Ce sont des nomades troglodytes. Ils ne vivent pas dans les tentes mais s’installent dans des grottes à chacune de leurs étapes.

Ils étaient souriants, et après un court instant de timidité, ravis de nous voir.

Ce qui est génial quand on s’éloigne des villes et qu’on va dans des endroits pas trop touristiques, c’est que les habitants sont aussi curieux de nous que nous sommes curieux d’eux.

Ici beaucoup de gens parlent français, et on peut s’arrêter parler pendant des heures avec les gens du coin. Un homme avec qui j’ai bavardé m’a donné un kilo de dattes fraîches et n’a même pas voulu que je le paye.
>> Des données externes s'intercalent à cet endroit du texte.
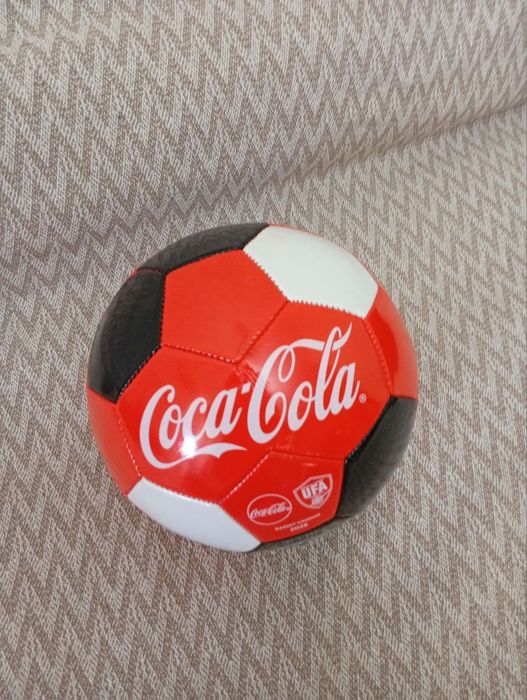 Футбольный мяч coca cola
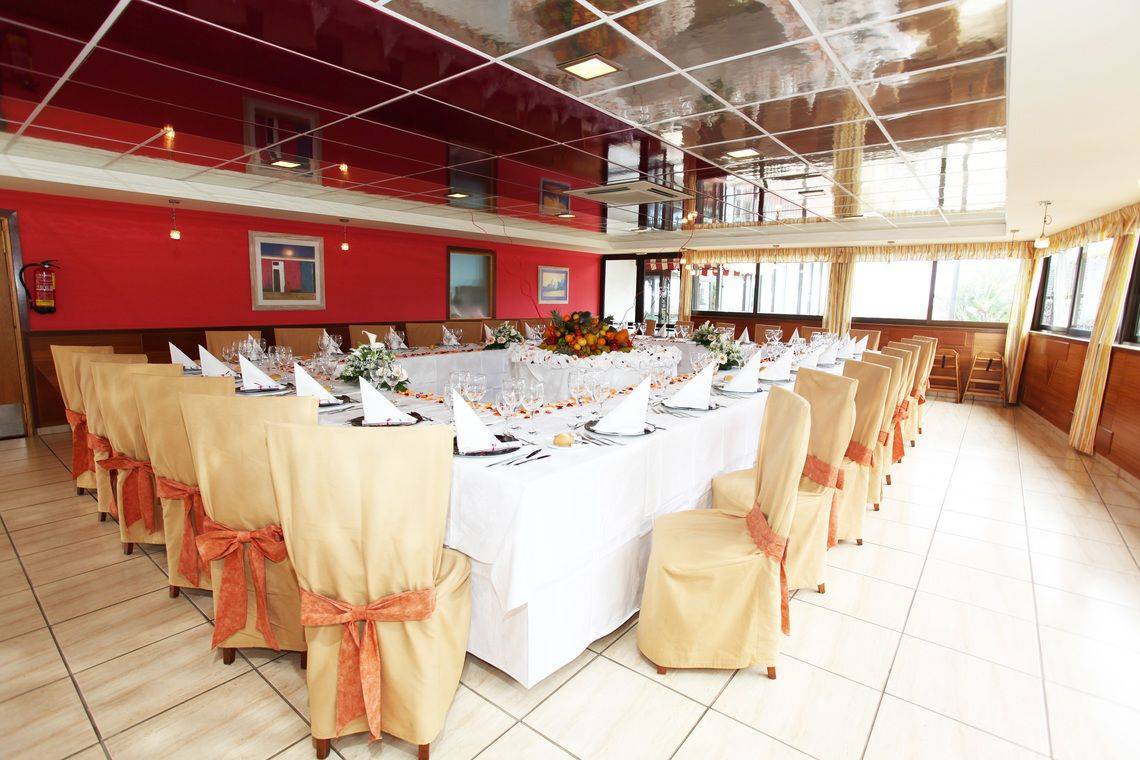 Festlich gedeckter Tisch im Speisesaal des AluaSoul Orotava Valley Hotels.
Les femmes sont en pleine cueillette des olives et adorent raconter leurs histoires et nous montrer comment elles travaillent. Les enfants nous regardent avec des yeux gourmands, et même s’ils ont très peur d’être pris en photo, ils parlent très bien le français et adorent parler et rigoler. Je vous montrerais plus de photos demain.

Ça n’a pas été le cas avec cette jeune femme : on ne parlait pas un seul mot de la même langue, et je n’ai même pas réussi à lui demander son nom… On a juste passé quelques instants, plantées là, à se sourire.

C’est peut-être pour ça que ce fut l’un des moments les plus forts depuis notre départ.

Notre monde nous semblait soudainement si loin.